*** Opening DATA SHOWN ***
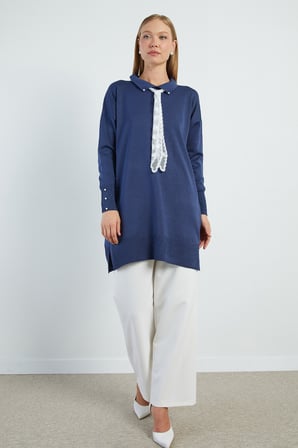 Fullamodest Dantel Fularlı Triko Tunik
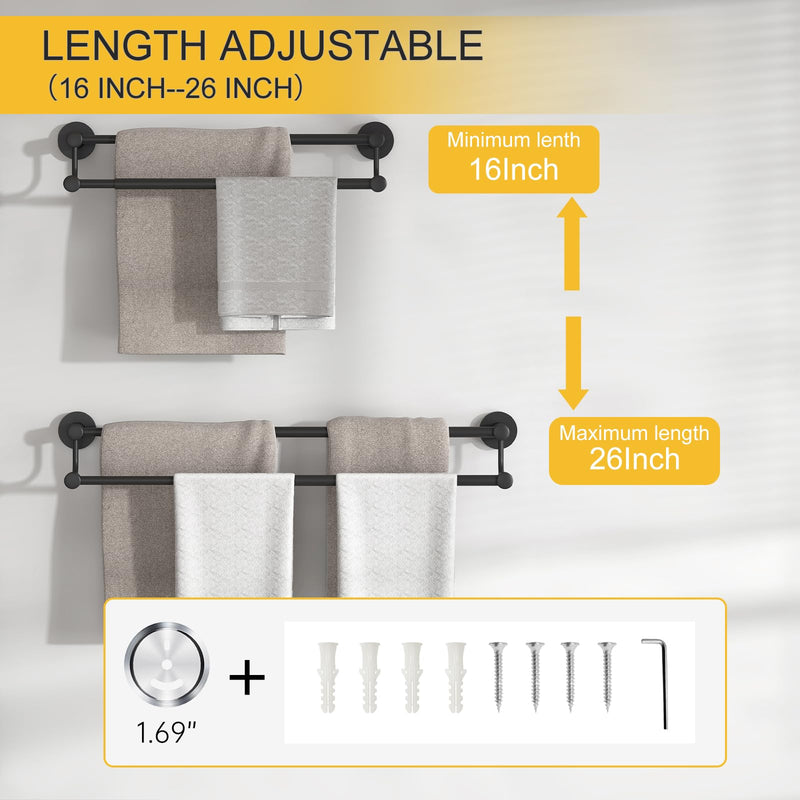 BESy Adjustable 16-26 Inches Double Bath Towel Bar for Bathroom SUS304 Stainless Steel Towel Holder, Hotel Style Wall Mount with Screws Hand Towel Bar Towel Rack Rod Hanger, Matte Black Finish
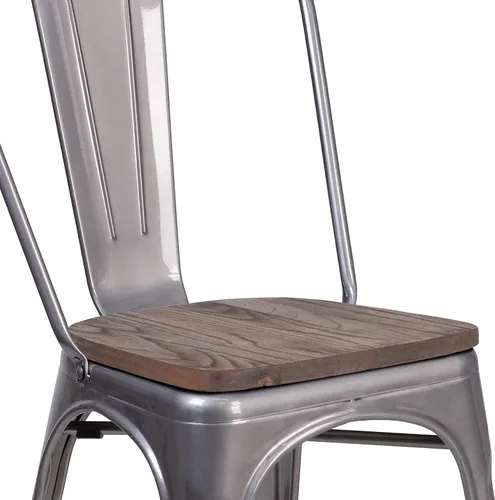 Miniatura 9 de Merrick Lane Silla de comedor apilable con respaldo de listones verticales de metal, marco recubierto transparente, asiento de madera de olmo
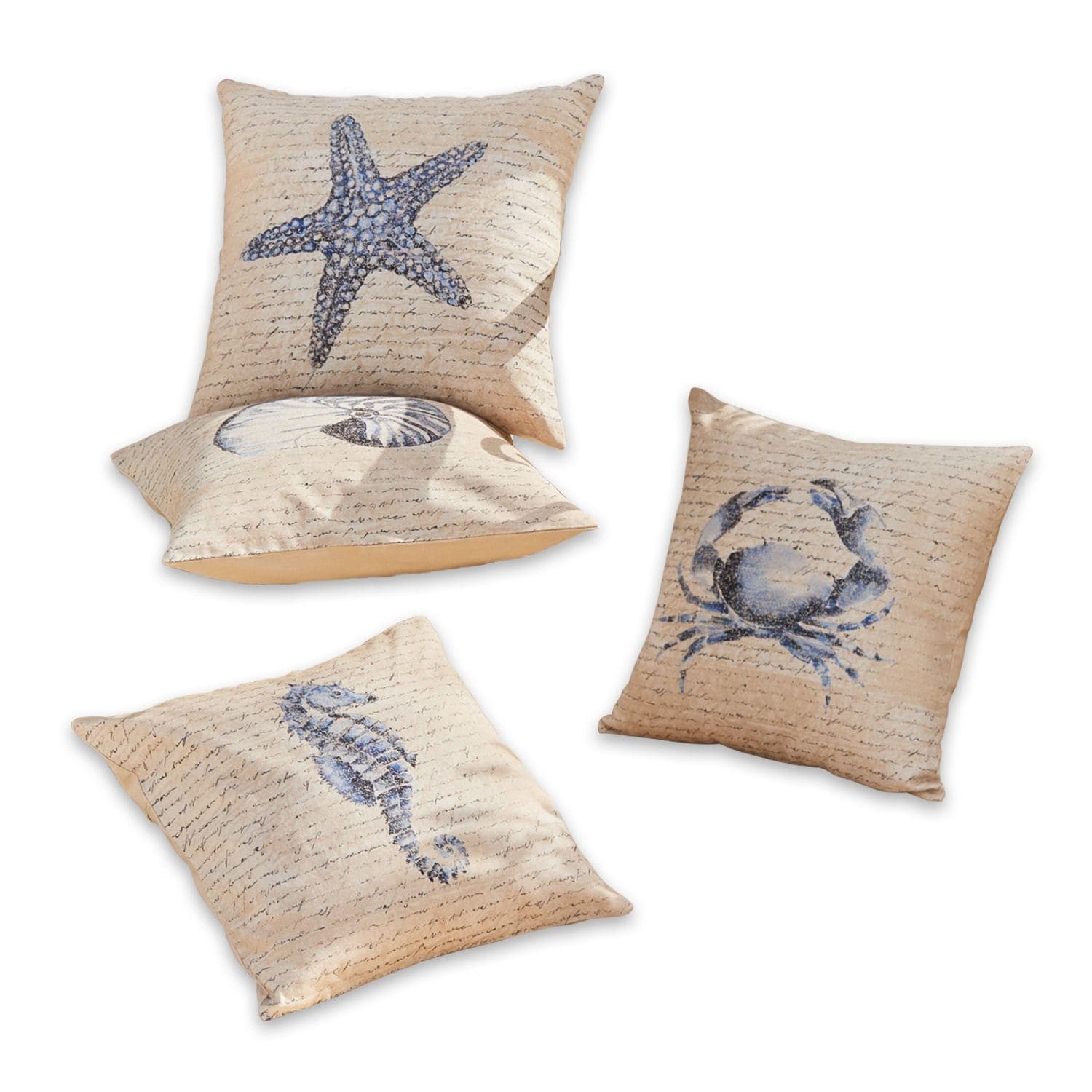 Mirabeau Kissenhülle Kissenhülle 4er Set Sealand beige/blau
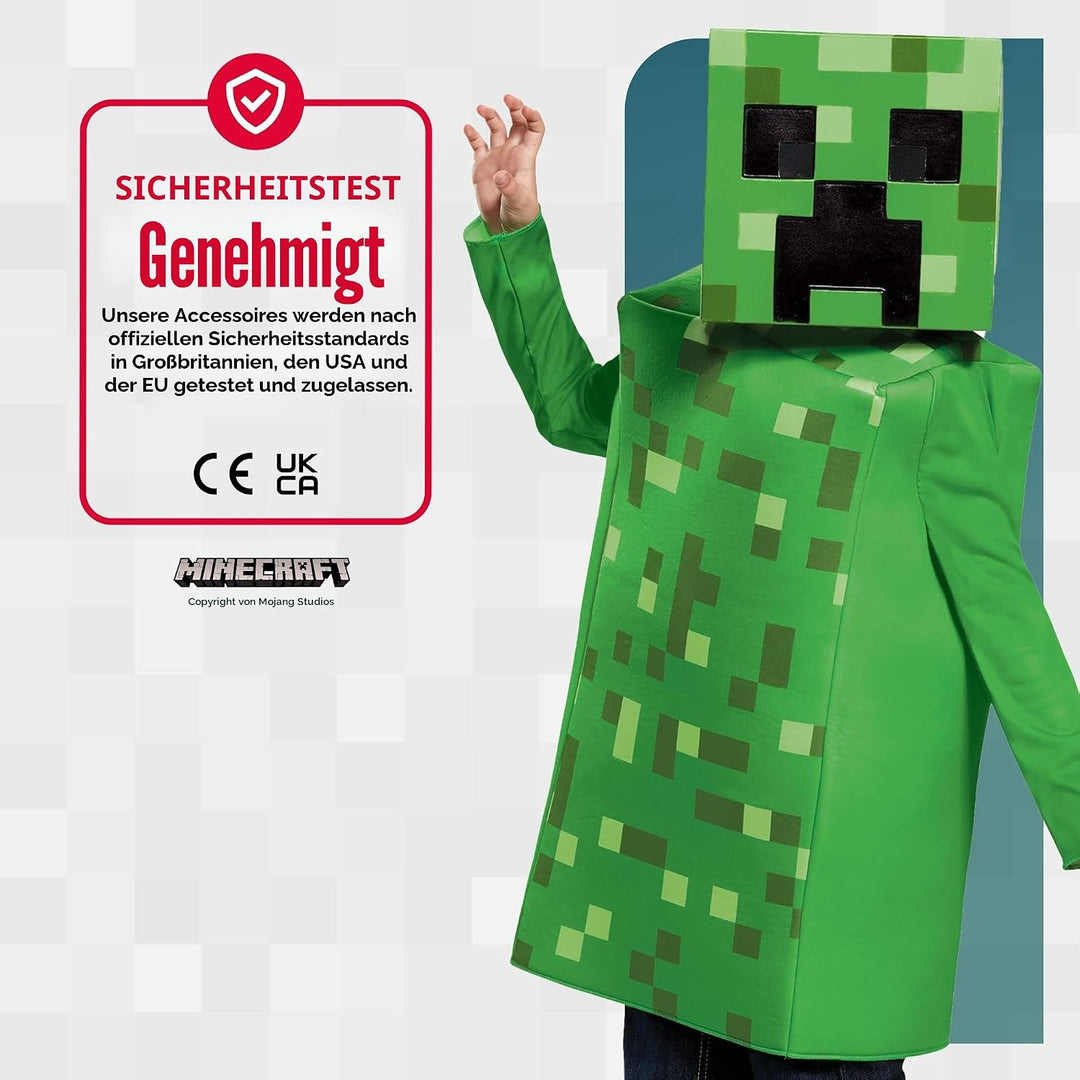 Disguise Offizielles Classic Minecraft Kostüm Kinder Jungen Creeper Kostüm Karneval Kostüm Minecraft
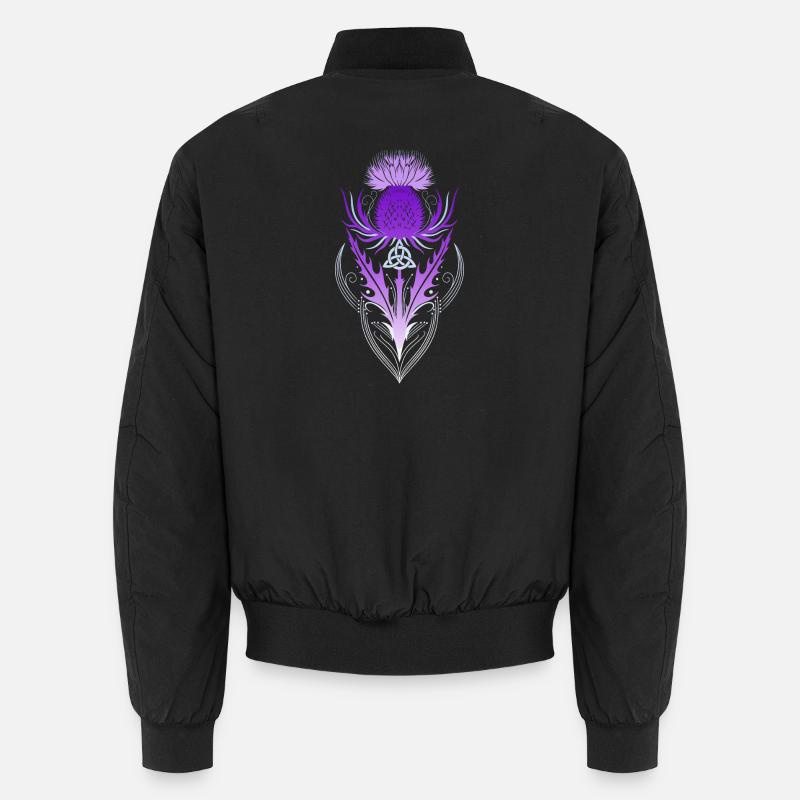 Distel mit Triquetra - Unisex Bomberjacke - Schwarz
*** Closing DATA SHOWN ***
## [REQUIRED WORK]
Could the data above be returned in full, exactly, with every image left out?

## [RESPONSE TO THE EXERCISE]
 Fullamodest Dantel Fularlı Triko Tunik
 BESy Adjustable 16-26 Inches Double Bath Towel Bar for Bathroom SUS304 Stainless Steel Towel Holder, Hotel Style Wall Mount with Screws Hand Towel Bar Towel Rack Rod Hanger, Matte Black Finish
 Miniatura 9 de Merrick Lane Silla de comedor apilable con respaldo de listones verticales de metal, marco recubierto transparente, asiento de madera de olmo
 Mirabeau Kissenhülle Kissenhülle 4er Set Sealand beige/blau
 Disguise Offizielles Classic Minecraft Kostüm Kinder Jungen Creeper Kostüm Karneval Kostüm Minecraft
 Distel mit Triquetra - Unisex Bomberjacke - Schwarz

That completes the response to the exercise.